我说:“南巡,就是带你去南方看看,不讲话就是了。”

母亲说:“我不讲话,你自己讲就是了。我去,我去。”

其实,这一路看过来,我多少是想讲点什么的。但不能讲,也不准讲,尤其是像咱这样的老百姓,讲多了,人家会觉得你不成熟。但是,自古以来,大凡读了书的人,除了写文章之外,就是讲话啊?

所以,我要讲几句:发展不平衡,是后续政策没有继续跟进造成的。

小平的胆子再大一点儿,步子再快一点儿。在当年绝对像一股春风,吹醒了不少的人。现在再来理解这一句,我们就应该多一点儿哲学思维了。前面一句可以继续保留,后面一句“步子再快一点”应该修改成“步子再稳一点”毕竟,广东的内生动力已经耗尽,就像一辆高速飞奔了四十年的汽车,需要重新更换一台发动机了,或者说已经到了必须要更换机油的时候了。

原材料涨价,劳动力成本增加,这都是摆在所有人面前的最直接的竞争劣势。而看不见的竞争优势,早已被东南亚等国家给模仿去了。再加上沿海城市还在践行小平同志的“先富帮后富”,包袱和压力也是存在的。所以,应该尽快松绑,让沿海城市胆子再大一点,鼓里和国际化接轨。比如:学习德国的努尔工业区,直辖管理,大胆试错。再来一次工业化升级。

中国自北向南就四大流域:松花江流域,黄河流域,长江流域,珠江流域。我在畅想:假设按照流域进行统一而合理的规划,松花江流域因为有比较夯实的工业基础,就全部规划成高端制造业。珠江流域因为处在改革开放的最前端,信息化交流比较快速,那就全部往高科技方面发展。黄河流域因为有几大平原,土地肥沃,物产丰富,那就仍然保留现代农业旅游观光方面发展;而长江流域则保留文化旅游鱼米种养等方面发展。这样一来,整个国家就会出现四大板块,脉络清晰,分工明确,就不会出现现在这样,重复投资,重复发展,既浪费了资源和人力,又显得杂乱无章,一哄而上的感觉。

内陆,越贫穷的地方,就不要想着也要办工厂了,先把它彻底保留下来,沉淀成文化,然后,各地政府都加强文化旅游部门,招聘一批年轻人,派遣到沿海大城市,设立某某县旅游营销部门,精准营销沿海先富裕起来的人群,组团去内陆旅游。

用文化和旅游来作为内陆发展的内生动力。
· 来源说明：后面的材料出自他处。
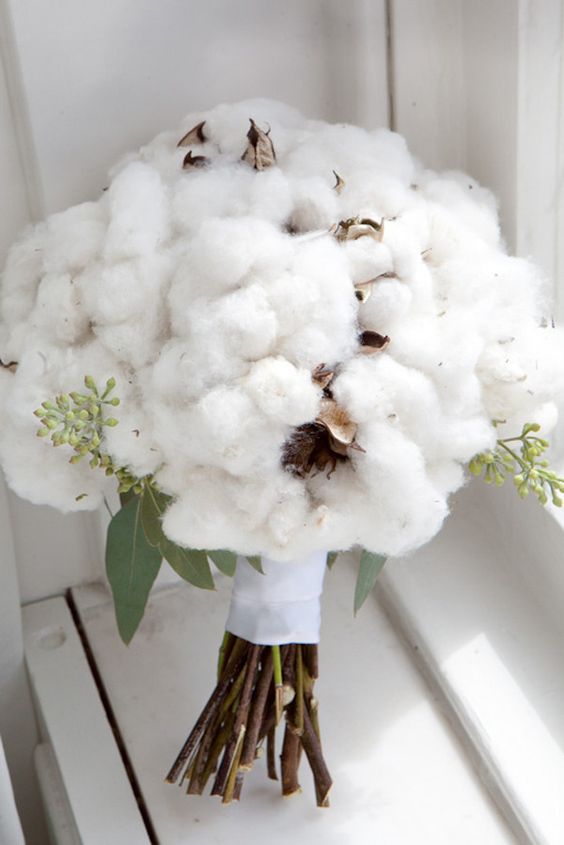 a lush cotton bouquet with some greenery reminds of fluffy snow or a fluffy cloud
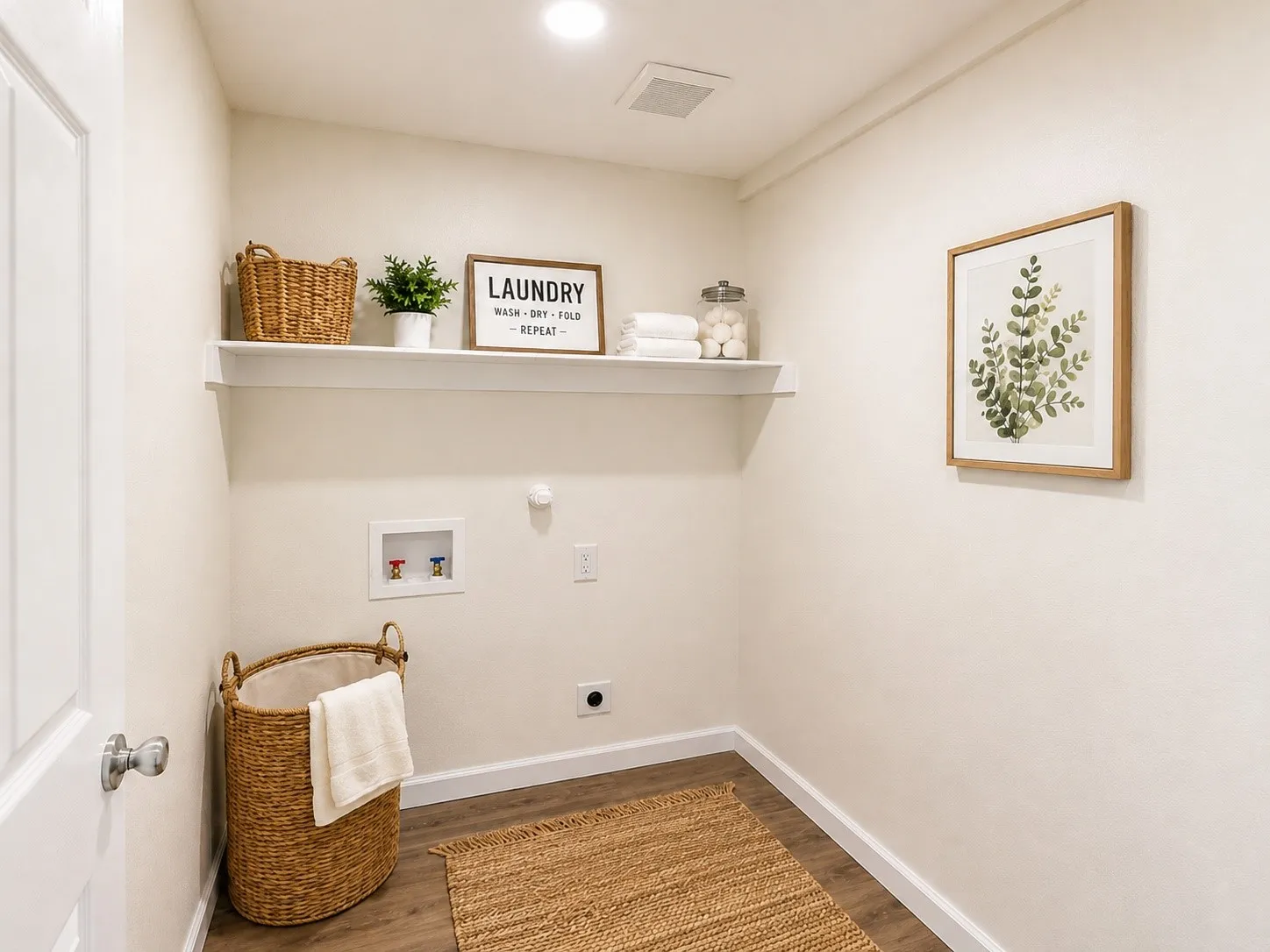 Laundry area with wood-finish flooring, a wall-mounted shelf, and recessed lighting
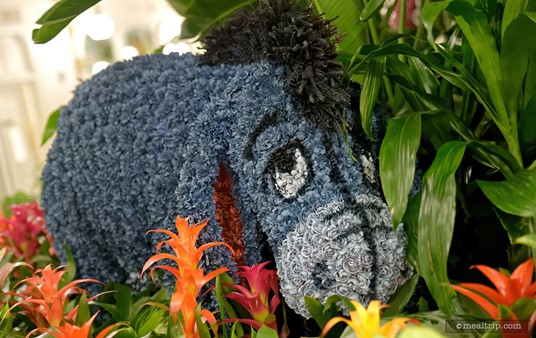 Hey there Eeyore. The Crystal Palace features four characters from Winnie the Pooh — in topiary form — Winnie the Pooh, Piglet, Tigger, and Eeyore. They're all located in the center of the restaurant, in a large atrium planter.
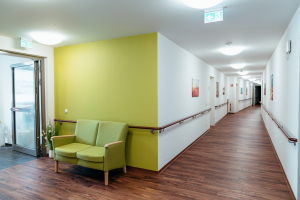 Pflegeheim-Flur mit Sitzgruppe, Handläufen und gepflegtem Holzfußboden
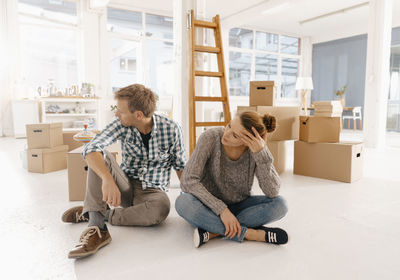 Couple moving into new home having a break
这也应该算是一种比较精准的致富奔小康的发展之路了吧。

相反,现在内陆很多县份,不断地加大了到沿海的招商引资力度,鼓励返乡创业,投资办厂。我个人觉得不妥。

“橘生淮南则为橘,生于淮北则为枳,叶徒相似,其味不同。”我身边有好几个以前在广东打工办厂的同学,最近几年,经不住诱惑,就回到家乡重新创业。最近,我从朋友圈里发现,几乎都难以为继,厂办垮了不说,估计还欠了一屁股的债。有的改了行,有的又回到了广东。这就是水土不服的结果。而按照我的逻辑,不去破坏他们几十年在沿海打拼积累下来的东西,而是用另一种思维去吸引。让他们继续在沿海发展,只是每年要记得呼朋唤友回家乡旅游,顺便购买一些土特产,或者鼓励他们在互联网上开店,销售一些土特产,可能比单纯的鼓励返乡创业好得多。

好了,我讲得有点多了。或许,正确。或许,也不正确。但我这次真的不只是来旅游的,而是真实地记录了我的想法而已。因为,我已经看到了“内陆在着急,沿海在喘气”,房地产成了一根救命稻草的尴尬局面。

除夕夜,我站在邮轮前头,任凭晚风吹拂着我的脸庞。

我想了很多,脑海里面总有一个熟悉的旋律,那就是“我和我的祖国,一刻也不能分割,无论我走到哪里都留下一首赞歌。”是的,祖国和我,就像海和浪花一朵,只要我们还生活在这块土地上,就谁也离不开谁。

无论我走到哪里,我留不下赞歌,但可以尽量思考,写一篇小文,给祖国一丁点儿建议罢了。